Serbians voted Sunday in a presidential election runoff that pits pro-European Union Boris Tadic against nationalist Tomislav Nikolic who wants closer ties with Russia and is threatening protests if he loses, claiming vote rigging in the first round.

The outcome of the vote is key for Serbia's plans to become an EU member, after the isolation it suffered as a pariah state under late autocrat Slobodan Milosevic in the 1990s. It also will determine whether Serbia continues to reconcile with its neighbors and wartime foes, including the former province of Kosovo, which declared independence in 2008.

Incumbent Tadic, who is seeking a third term, was slightly ahead of Nikolic in the first round of voting on May 6, while Nikolic's populist Serbian Progressive Party won the most votes for parliament, but is likely to stay without power because Tadic's Democrats have agreed to form the next government with the third-placed Socialists.

The nationalists have accused the Democrats of rigging the general vote, including the first-round presidential ballot — a charge that was rejected by authorities, but is fueling fears of possible post-election violence.

"Serbia does not deserve a president who is suspected of stealing a vote," Nikolic, a former ultranationalist ally of war-time leader Milosevic, said after voting. "I did everything fairly and honestly, while saying Serbia needs a change to move forward."

Tadic, who championed Serbia's bid to become an EU member, was leading the pre-runoff polls, but the pro-democratic voters are known to be less enthusiastic than the nationalists when it comes to casting their ballots.
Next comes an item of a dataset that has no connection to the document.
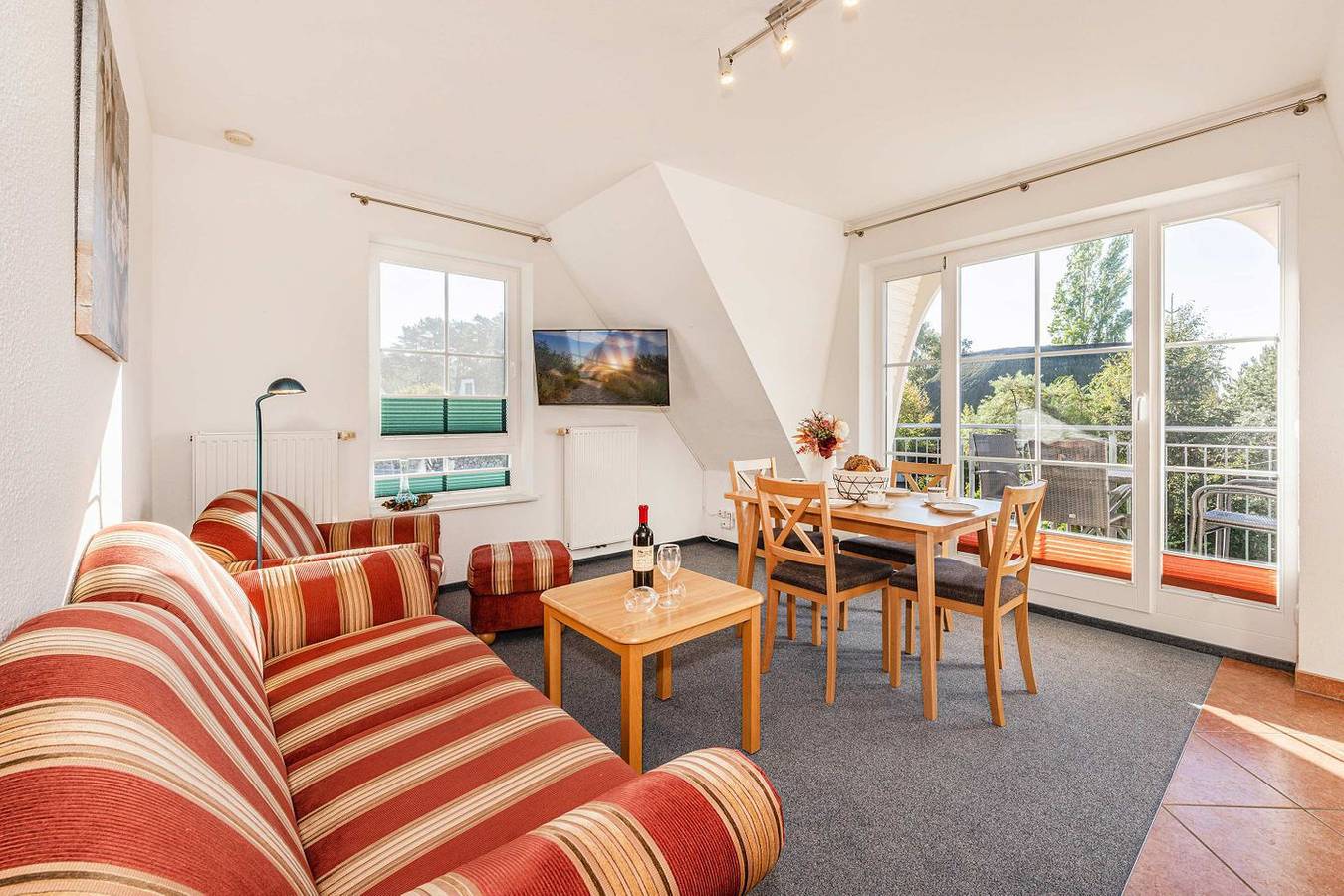 Ganze Wohnung, Charmante Ferienwohnung mit Balkon, Sauna & Blick auf das Achterwasser in Loddin, Bernsteinbäder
Election observers said turnout was about 10 percent lower than in 2008 when Tadic beat Nikolic by a slight margin.

"I expect that the election will show once again that the Serbian orientation towards the EU is crystal clear," Tadic said after casting his ballot. "I am very optimistic."

Tadic has built his presidential bid around pro-Western policies, but his biggest problem remains the economic downturn and corruption within the ruling elite. Faced with the global financial crisis, which slowed down much needed foreign investments, Tadic's government has seen massive job losses and plummeting living standards.

Nikolic, who narrowly lost two earlier presidential votes against Tadic, claims to have shifted from being staunchly anti-Western to pro-EU — the change widely believed to be a ploy to gain more votes. Nikolic has close ties with Russia and has in the past even envisaged Serbia as a Russian province.

Nikolic's populism has struck a chord with voters, who warmed to his criticism of widespread social injustice and corruption in Serbia and promises of jobs, financial security and billions of dollars in foreign investment.

Tadic has also overseen a more conciliatory stance toward Serbia's neighbors and war foes in the 1990s, including Kosovo, the former province that is considered by nationalists as the cradle of Serbia's state and religion.

Nikolic has said he would abandon the EU plan if it means that Serbia must give up the claim to Kosovo, and he has forged an alliance with the staunchly anti-EU party of former premier Vojislav Kostunica.